▸ Task brief: Only the lines below starting at the one containing "2013 Tesla Model" and ending at the one containing "2022 Nissan NOTE" belong in the answer, each copied exactly.

▸ Excerpted records:
↓↓↓

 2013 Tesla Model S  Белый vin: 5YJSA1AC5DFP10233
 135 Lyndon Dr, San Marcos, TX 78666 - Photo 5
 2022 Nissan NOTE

↑↑↑
↓↓↓

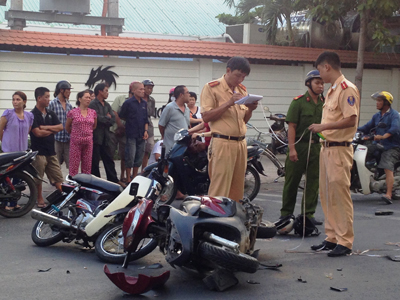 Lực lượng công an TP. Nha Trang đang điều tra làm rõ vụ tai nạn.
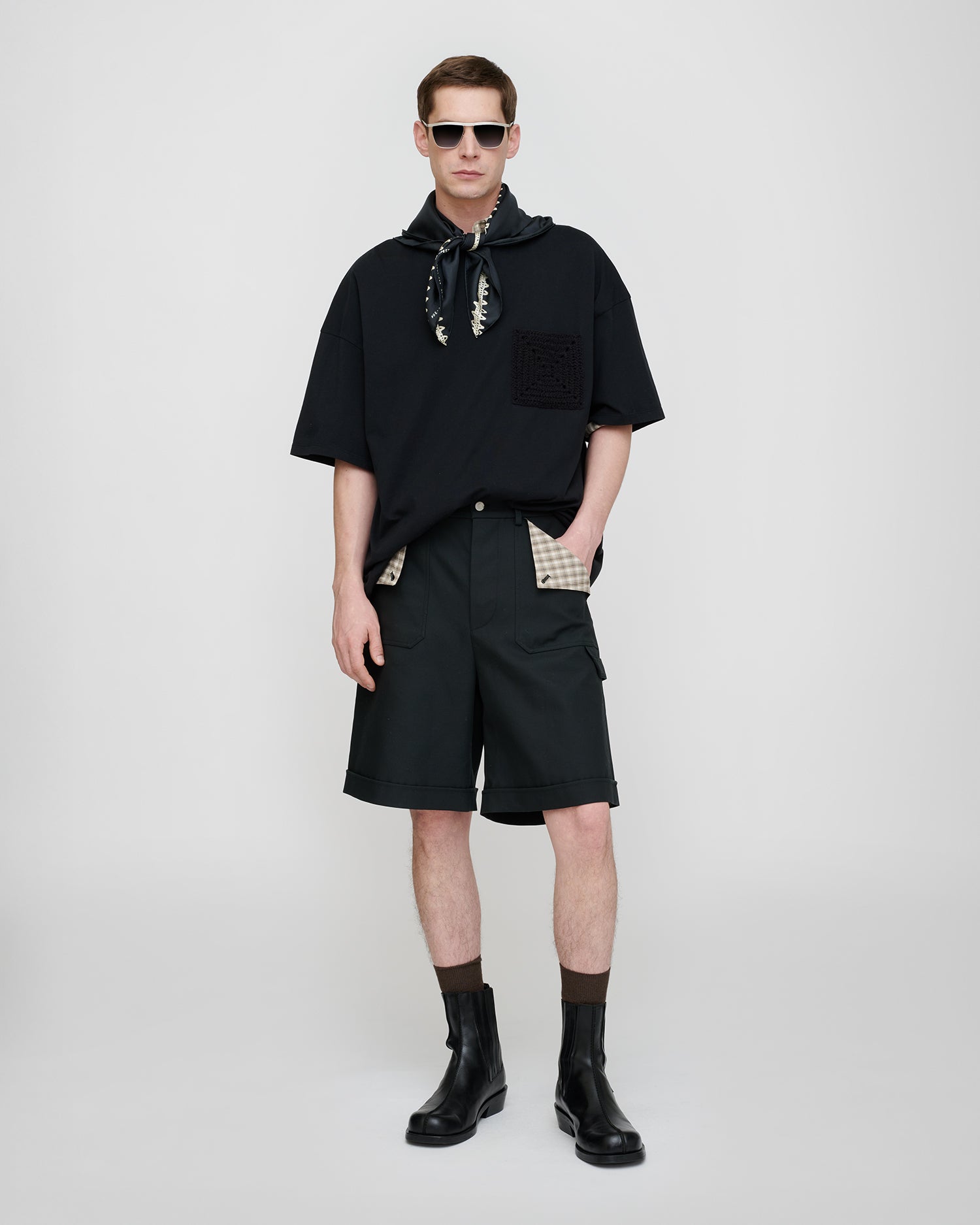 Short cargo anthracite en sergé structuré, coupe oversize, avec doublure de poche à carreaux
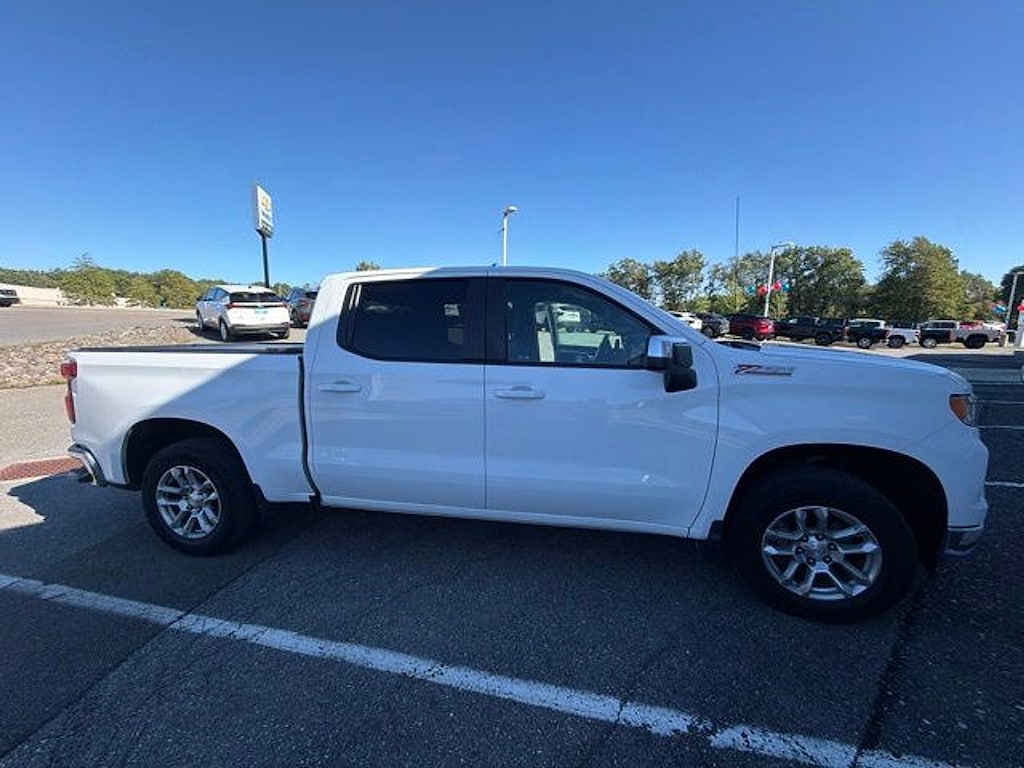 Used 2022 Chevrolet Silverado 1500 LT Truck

↑↑↑

▸ Result:
 2013 Tesla Model S  Белый vin: 5YJSA1AC5DFP10233
 135 Lyndon Dr, San Marcos, TX 78666 - Photo 5
 2022 Nissan NOTE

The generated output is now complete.